━━━━━ Recorded data
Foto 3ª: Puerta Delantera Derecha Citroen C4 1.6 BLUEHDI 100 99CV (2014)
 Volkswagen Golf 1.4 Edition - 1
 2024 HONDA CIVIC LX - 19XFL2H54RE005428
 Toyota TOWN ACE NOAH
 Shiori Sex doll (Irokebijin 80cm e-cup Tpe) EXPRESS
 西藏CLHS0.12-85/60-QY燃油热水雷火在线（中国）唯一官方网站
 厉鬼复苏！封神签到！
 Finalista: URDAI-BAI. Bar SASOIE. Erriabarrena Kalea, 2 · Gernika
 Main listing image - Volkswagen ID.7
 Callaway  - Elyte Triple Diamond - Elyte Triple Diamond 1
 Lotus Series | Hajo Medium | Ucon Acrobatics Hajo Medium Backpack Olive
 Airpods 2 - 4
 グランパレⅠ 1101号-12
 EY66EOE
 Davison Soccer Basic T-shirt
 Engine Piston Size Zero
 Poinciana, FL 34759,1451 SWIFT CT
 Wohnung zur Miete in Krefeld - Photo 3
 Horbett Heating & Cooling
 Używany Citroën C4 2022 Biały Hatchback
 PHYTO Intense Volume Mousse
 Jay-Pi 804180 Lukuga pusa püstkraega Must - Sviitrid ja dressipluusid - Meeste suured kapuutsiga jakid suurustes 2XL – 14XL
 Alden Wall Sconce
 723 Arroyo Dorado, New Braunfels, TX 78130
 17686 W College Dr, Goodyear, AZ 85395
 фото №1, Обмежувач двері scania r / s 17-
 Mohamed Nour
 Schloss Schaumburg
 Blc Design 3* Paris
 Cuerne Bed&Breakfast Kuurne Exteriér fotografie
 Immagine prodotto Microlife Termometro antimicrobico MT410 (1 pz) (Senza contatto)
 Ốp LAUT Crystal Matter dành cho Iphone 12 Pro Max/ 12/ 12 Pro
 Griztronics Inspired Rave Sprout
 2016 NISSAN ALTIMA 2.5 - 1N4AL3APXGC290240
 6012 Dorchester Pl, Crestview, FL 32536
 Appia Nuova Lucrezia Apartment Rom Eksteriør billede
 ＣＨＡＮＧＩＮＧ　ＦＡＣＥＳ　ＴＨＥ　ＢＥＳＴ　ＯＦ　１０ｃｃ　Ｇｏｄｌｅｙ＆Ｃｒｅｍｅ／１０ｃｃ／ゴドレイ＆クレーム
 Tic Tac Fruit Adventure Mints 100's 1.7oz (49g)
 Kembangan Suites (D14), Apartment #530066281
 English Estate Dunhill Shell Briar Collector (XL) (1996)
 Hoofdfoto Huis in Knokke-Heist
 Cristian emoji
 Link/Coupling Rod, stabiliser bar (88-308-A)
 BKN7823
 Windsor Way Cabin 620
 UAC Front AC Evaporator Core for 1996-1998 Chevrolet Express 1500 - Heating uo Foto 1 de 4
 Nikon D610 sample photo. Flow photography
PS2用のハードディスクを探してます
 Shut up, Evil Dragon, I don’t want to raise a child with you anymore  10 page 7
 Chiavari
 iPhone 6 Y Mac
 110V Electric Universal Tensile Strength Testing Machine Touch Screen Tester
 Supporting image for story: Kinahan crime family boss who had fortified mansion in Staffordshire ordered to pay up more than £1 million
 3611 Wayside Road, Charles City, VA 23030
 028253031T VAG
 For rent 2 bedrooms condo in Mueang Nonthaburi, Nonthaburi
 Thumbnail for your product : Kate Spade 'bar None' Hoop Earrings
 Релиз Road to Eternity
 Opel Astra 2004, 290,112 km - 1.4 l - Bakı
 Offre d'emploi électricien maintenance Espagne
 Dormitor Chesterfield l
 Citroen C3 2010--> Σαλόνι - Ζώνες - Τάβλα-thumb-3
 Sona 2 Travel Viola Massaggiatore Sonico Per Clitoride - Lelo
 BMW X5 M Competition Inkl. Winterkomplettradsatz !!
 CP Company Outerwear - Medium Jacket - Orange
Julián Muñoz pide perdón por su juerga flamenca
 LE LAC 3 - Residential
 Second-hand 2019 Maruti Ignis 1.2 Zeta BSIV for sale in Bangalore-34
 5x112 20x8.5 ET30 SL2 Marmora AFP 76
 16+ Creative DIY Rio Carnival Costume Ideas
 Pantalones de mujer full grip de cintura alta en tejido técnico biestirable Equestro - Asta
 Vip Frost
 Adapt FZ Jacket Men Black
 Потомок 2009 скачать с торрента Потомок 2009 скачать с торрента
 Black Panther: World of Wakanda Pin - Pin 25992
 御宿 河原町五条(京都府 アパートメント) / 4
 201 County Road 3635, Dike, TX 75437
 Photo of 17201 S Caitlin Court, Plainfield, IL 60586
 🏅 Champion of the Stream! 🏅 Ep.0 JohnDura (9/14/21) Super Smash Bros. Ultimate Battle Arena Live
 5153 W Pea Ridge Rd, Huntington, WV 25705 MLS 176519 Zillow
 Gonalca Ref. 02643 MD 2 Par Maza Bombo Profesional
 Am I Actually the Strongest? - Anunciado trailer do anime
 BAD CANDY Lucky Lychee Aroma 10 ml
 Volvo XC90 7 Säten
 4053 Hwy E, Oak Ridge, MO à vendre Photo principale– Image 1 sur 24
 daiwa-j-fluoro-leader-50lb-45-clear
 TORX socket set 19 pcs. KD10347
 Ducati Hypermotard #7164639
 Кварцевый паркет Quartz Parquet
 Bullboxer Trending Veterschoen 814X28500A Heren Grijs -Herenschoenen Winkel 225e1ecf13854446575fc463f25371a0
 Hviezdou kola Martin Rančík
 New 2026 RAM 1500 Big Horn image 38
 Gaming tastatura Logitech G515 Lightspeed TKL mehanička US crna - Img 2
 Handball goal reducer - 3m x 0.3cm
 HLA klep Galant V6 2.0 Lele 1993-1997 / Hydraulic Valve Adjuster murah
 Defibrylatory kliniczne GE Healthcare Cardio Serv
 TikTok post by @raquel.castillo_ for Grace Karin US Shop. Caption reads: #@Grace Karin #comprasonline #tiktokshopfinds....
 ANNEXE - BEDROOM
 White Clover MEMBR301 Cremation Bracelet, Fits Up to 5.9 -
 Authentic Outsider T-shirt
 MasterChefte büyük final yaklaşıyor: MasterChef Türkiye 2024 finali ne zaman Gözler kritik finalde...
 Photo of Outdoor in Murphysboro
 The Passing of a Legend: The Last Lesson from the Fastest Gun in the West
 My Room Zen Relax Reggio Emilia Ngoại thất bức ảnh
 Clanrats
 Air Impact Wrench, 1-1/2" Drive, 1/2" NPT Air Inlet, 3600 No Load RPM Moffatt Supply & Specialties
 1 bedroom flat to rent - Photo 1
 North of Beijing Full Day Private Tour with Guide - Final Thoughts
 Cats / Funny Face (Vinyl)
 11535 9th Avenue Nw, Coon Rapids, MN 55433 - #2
━━━━━━━━━━
* **The task**
Both end lines included, restate word for word the lines above from the line with "Photo of Outdoor in Murphysboro" to the line with "Supply & Specialties", and nothing else.

* **Solved problem**
 Photo of Outdoor in Murphysboro
 The Passing of a Legend: The Last Lesson from the Fastest Gun in the West
 My Room Zen Relax Reggio Emilia Ngoại thất bức ảnh
 Clanrats
 Air Impact Wrench, 1-1/2" Drive, 1/2" NPT Air Inlet, 3600 No Load RPM Moffatt Supply & Specialties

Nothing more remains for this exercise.